On November 4, 1910, the Philippine Commission nominated Manuel L. Quezon and Benito Legarda as resident commissioners but the Assembly rejected Legarda’s nomination by a vote of 53 to 12. Another round of voting was done on November 8, 1910 but still Legarda was rejected 51 to 5. In the next acclamation, the vote was 54 to 5. There were 5 more nominations and Legarda got 2, 2, 2, 1, and 0 votes. The members of the Philippine Commission and the Assembly exchanged numerous manifestations with the Philippine commission highlighting the qualities of Don Benito Legarda:
“In the Philippine revolutionary government Mr. Legarda held the position as director of the treasury, and at times acted as secretary of finance in General Aguinaldo’s cabinet. Mr. Legarda is one of those Filipinos who from the establishment of American sovereignty in these Islands has worked most for the welfare of the people. He labored for the cessation of hostilities and for the bringing about of peace and the establishment of a stable government. To these ends he acted on many occasions as an intermediary between the Government and the people.
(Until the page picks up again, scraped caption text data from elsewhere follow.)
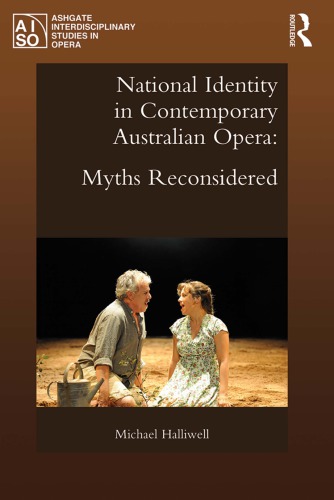 National Identity in Contemporary Australian Opera: Myths Reconsidered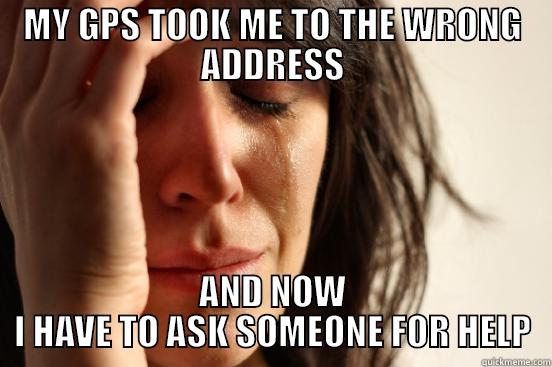 WRONG ADDRESS? - MY GPS TOOK ME TO THE WRONG ADDRESS AND NOW I HAVE TO ASK SOMEONE FOR HELP First World Problems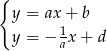 { y = ax + b y = − 1x + d a 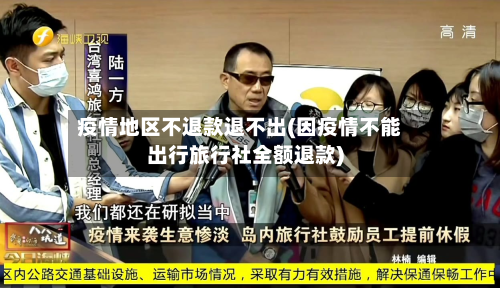 疫情地区不退款退不出(因疫情不能出行旅行社全额退款)-第1张图片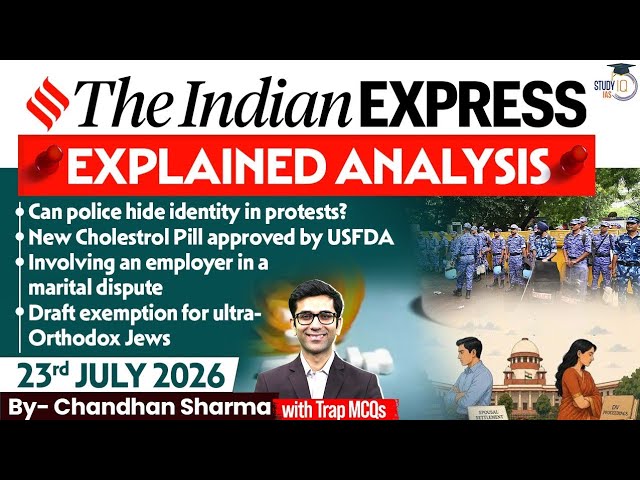 Indian Express Editorial Analysis by Chandan Sharma - 23 JULY 2026 | UPSC Current Affairs 2026
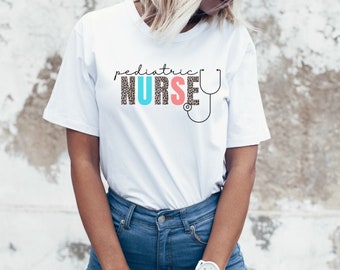 Pediatric Nurse Shirt, Nursing T-Shirt, Nurse Appreciation, PEDS Nurse Tee, Gift For Nurse, Cute Nurse Shirt, Nurse Grad Gift, Nurse Life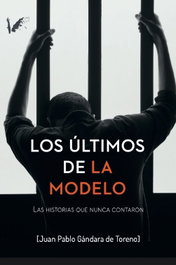 Los ultimos de la modelo:historias que nunca contaron, Juan Pablo Gandara De Toreno - ANGELS FORTUNE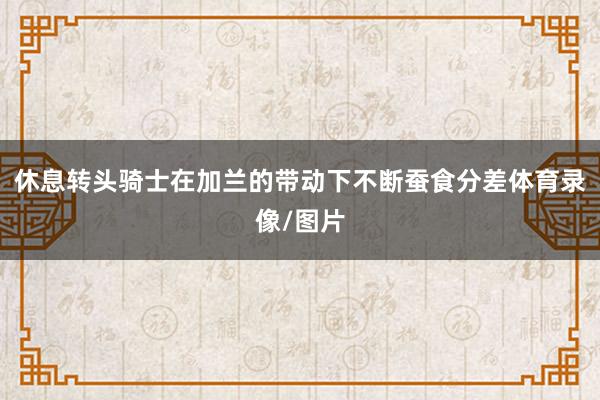 休息转头骑士在加兰的带动下不断蚕食分差体育录像/图片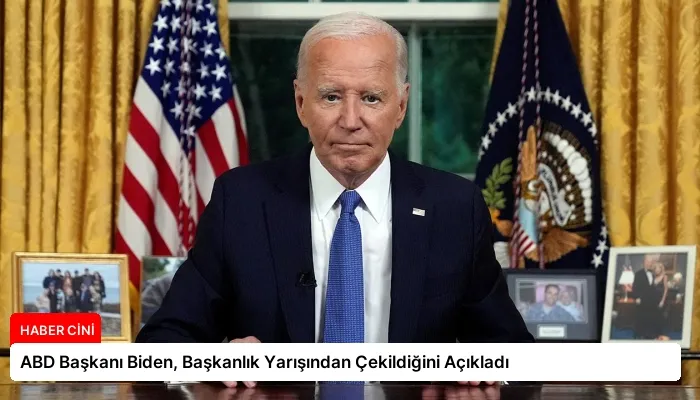 ABD Başkanı Biden, Başkanlık Yarışından Çekildiğini Açıkladı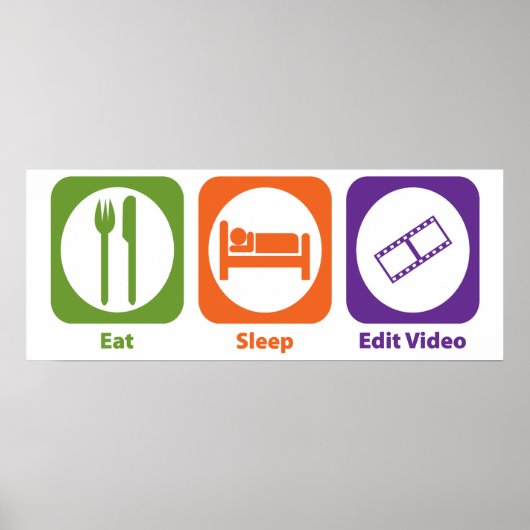 Video Eat Sleep Edit Poster (Voorkant)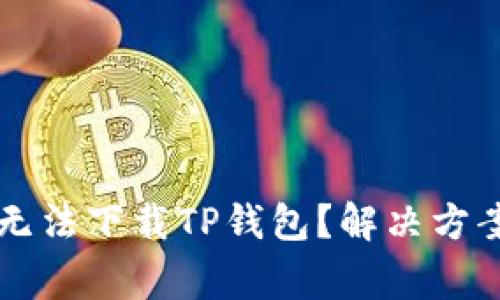 为什么苹果用户无法下载TP钱包？解决方案与常见问题解析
He went into the provinces to assist in the establishment of municipal governments, and during the military regime was instrumental in bringing about a better feeling between the military authorities and the people. As we have seen, he has interested himself in all classes, and although himself a wealthy man, has on not a few occasions defended the interests of the poor. He was a member of the Commission from its beginning and is therefore familiar with the work of the Government, the important problems on which Congress is to legislate, and the views of the Commission on these matters. Among the Filipinos he is one of the most distinguished, and is highly esteemed by all social classes. He is a personal friend of the President. Aside from all these qualities it should be borne in mind that Mr. Legarda also represents the Philippine commercial and industrial interests, and the Commission is of the opinion that these interests should be represented in the person of one of the Resident Commissioners, some one who has engaged in business successfully, and who has high standing and influence among those engaged in manufacture, transportation, banking, and commerce.”
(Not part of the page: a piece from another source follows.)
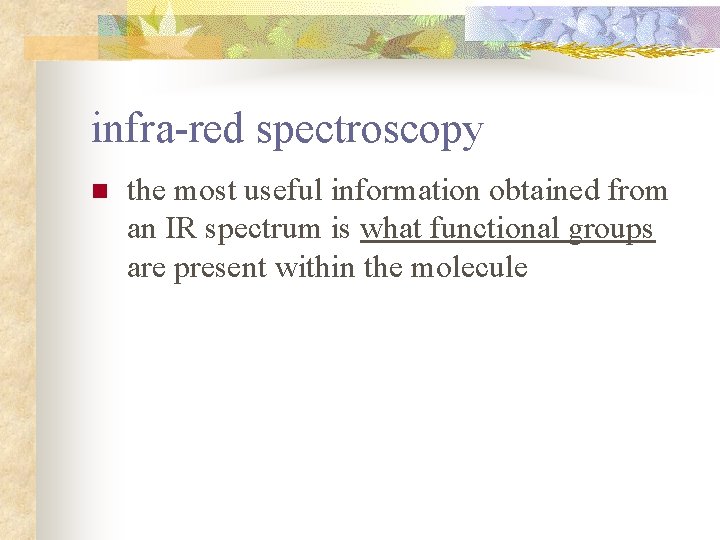 infra-red spectroscopy n the most useful information obtained from an IR spectrum is what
Fortunately or unfortunately for Don Benito Legarda, the members of the Assembly, while not arguing against the character of Don Legarda, argued that the Philippine Commission did not represent the people of the Philippines and thus was not in the position to nominate Don Benito Legarda. On February 3, 1911, Legarda was again nominated by the Philippine Commission. The session ended in a deadlock with no representative chosen. On November 12, 1912, Manuel Earnshaw replaced Benito Legarda as resident commissioner.
Almost less than three years later, Don Benito Legarda passed away in France.